With The Incredibles performing superheroically at the box office, I hope that kids from one to 92 will find the time to climb aboard The Polar Express, Robert Zemeckis' adaptation of the Caldecott Medal-winning children's book by Chris Van Allsburg. Personally, I'd prefer that Christmas movies not come out until I'm through eating Halloween candy, but it wasn't long before this one had me in the holiday spirit. At once old-fashioned and new-fashioned, it uses cutting-edge technology to tell a story that seems as old as Santa Claus himself. And although I'm getting a little tired of reading about the latest developments in computer-generated imagery, The Polar Express does mark a breakthrough of sorts, if not a culmination. In fact, I'm going to go out on a limb and say that this is as close as a movie has ever gotten to reproducing the visual enchantment of a classic storybook.

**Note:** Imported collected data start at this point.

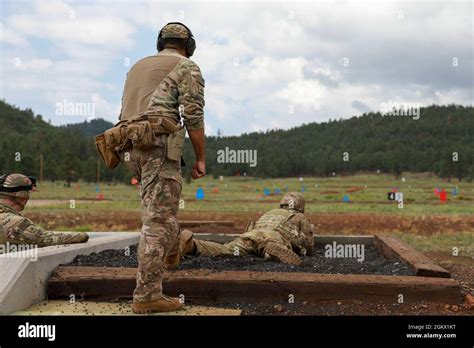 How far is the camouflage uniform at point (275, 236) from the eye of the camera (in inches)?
287

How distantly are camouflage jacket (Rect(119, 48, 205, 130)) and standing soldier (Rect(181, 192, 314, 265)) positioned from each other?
2550 mm

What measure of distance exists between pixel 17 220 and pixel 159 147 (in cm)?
268

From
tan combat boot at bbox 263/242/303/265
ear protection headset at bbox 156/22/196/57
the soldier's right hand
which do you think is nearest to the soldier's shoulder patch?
the soldier's right hand

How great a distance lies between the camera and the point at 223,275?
5270 mm

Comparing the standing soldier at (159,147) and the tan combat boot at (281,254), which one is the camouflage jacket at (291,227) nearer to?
the tan combat boot at (281,254)

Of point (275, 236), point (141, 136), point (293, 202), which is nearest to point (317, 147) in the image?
point (293, 202)

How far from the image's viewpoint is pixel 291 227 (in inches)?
310

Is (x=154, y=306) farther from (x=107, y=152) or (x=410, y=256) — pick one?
(x=410, y=256)

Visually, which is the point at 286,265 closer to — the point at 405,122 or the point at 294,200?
the point at 294,200

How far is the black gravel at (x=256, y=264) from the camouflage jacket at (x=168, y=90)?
219 centimetres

The storybook in question, which Van Allsburg published in 1985, only has about a thousand words of text. What's ushered it into the kid-lit pantheon are the pictures - carefully rendered oil-pastel paintings that create soft, warm pools of light amid a hard, cold winter's night. The mood is surprisingly melancholy, seeping into the bones of a young boy who's having a crisis of faith regarding a certain white-haired gentleman. And it's that young boy - not quite a cartoon, not quite a live actor, something in between - who gives us our first look at the future of movies. We're used to computer-generated characters, after Toy Story and Shrek, but we're not used to computer-generated human characters. And despite a little herky-jerkiness in their movements and a certain glassiness in their eyes, the human characters in The Polar Express have a captivating life of their own.

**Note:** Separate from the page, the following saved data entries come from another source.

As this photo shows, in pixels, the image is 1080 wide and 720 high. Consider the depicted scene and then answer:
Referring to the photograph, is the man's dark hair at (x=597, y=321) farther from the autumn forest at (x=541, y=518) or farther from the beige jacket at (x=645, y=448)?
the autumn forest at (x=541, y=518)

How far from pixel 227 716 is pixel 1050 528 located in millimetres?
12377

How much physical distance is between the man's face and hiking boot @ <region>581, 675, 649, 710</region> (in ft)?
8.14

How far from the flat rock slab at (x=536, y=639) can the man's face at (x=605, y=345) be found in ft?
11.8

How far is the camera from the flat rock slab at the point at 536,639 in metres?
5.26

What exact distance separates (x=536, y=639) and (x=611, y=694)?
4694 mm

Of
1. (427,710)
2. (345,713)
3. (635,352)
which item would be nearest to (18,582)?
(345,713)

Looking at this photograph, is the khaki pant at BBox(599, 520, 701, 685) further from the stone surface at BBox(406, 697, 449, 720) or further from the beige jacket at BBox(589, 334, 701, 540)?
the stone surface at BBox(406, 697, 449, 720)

Tom Hanks, who plays five roles, did the lion's share of the "acting," which involves performing in a bare room with reflective markers attached all over your body and face. The movements and expressions are recorded by digital cameras, then downloaded into a computer, after which they can be fed into a rendering of your own body or someone else's. Meryl Streep can now play Abraham Lincoln, as Hanks has been pointing out in interviews. But I wonder whether we aren't getting a little ahead of ourselves. Hanks' performances in The Polar Express - as the boy, the boy's father, the train's conductor, a hobo and Santa Claus - are enjoyable mostly for the traces of Hanks we perceive in them, not for the subtlety of his acting. There's an animatronic stiffness in all these "performance-capture" characters that will surely be smoothed out over the next several years, not that it hurts this particular movie.

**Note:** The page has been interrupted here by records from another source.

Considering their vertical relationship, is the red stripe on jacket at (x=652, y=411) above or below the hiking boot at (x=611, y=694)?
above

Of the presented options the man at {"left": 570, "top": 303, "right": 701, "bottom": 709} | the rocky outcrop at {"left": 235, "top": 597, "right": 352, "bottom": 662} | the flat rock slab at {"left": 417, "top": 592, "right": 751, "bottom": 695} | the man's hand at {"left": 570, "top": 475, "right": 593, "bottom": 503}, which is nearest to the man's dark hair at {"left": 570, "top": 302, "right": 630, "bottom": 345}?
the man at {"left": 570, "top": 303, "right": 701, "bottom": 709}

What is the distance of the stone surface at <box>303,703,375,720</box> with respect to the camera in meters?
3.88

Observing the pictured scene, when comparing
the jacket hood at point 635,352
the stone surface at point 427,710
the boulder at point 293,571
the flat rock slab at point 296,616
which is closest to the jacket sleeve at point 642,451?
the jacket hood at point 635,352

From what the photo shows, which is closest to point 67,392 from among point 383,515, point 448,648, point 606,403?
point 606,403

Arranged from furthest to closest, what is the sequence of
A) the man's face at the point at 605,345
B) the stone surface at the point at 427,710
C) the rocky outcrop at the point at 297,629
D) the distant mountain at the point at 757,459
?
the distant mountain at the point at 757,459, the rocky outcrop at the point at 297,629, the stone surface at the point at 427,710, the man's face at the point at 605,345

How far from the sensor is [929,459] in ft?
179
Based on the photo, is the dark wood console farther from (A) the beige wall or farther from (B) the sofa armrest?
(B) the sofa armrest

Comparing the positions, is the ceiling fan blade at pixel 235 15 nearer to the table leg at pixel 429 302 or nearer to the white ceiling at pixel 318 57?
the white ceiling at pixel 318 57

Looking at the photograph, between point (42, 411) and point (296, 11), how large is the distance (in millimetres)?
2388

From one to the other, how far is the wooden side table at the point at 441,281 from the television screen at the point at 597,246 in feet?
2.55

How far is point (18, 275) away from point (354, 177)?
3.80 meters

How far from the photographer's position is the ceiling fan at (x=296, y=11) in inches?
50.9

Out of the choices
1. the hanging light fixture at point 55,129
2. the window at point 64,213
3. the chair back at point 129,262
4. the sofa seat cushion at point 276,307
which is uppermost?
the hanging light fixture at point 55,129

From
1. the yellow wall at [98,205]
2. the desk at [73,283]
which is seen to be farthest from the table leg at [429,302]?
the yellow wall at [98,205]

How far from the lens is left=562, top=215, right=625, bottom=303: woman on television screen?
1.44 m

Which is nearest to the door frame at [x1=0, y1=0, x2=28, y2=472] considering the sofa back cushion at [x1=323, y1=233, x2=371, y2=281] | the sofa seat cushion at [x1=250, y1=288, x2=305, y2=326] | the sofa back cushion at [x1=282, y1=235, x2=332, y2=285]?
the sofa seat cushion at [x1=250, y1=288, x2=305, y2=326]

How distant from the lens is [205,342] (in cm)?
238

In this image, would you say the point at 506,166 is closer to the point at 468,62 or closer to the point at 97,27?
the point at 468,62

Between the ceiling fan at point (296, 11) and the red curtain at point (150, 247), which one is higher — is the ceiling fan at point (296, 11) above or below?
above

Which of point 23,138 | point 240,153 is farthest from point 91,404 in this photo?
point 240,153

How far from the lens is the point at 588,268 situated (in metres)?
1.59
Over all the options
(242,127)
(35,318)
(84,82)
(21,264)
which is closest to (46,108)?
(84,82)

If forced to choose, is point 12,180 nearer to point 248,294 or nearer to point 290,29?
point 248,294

In fact, I think it helps this particular movie, keeps it safely within the realm of make-believe. With a whole movie to fill, Zemeckis and co-scriptwriter William Broyles Jr. have had to flesh out Van Allsburg's text. Many of the additions are nice, and at least one - a lost train ticket that goes on an amazing journey before winding up more or less where it started - is nothing short of magical. After an admirably slow start that's very much in the spirit of Van Allsburg's book, the movie starts pouring on the steam, literally turning into a roller-coaster ride. And there are perhaps too many harrowing adventures that test the young boy's mettle and an older critic's patience. But The Polar Express, for all its flaws, has something of the instant classic about it, including scenes that kids will remember for a long time. Zemeckis brings both motion and emotion to objects that exist only in a computer somewhere - a moving picture in more ways than one.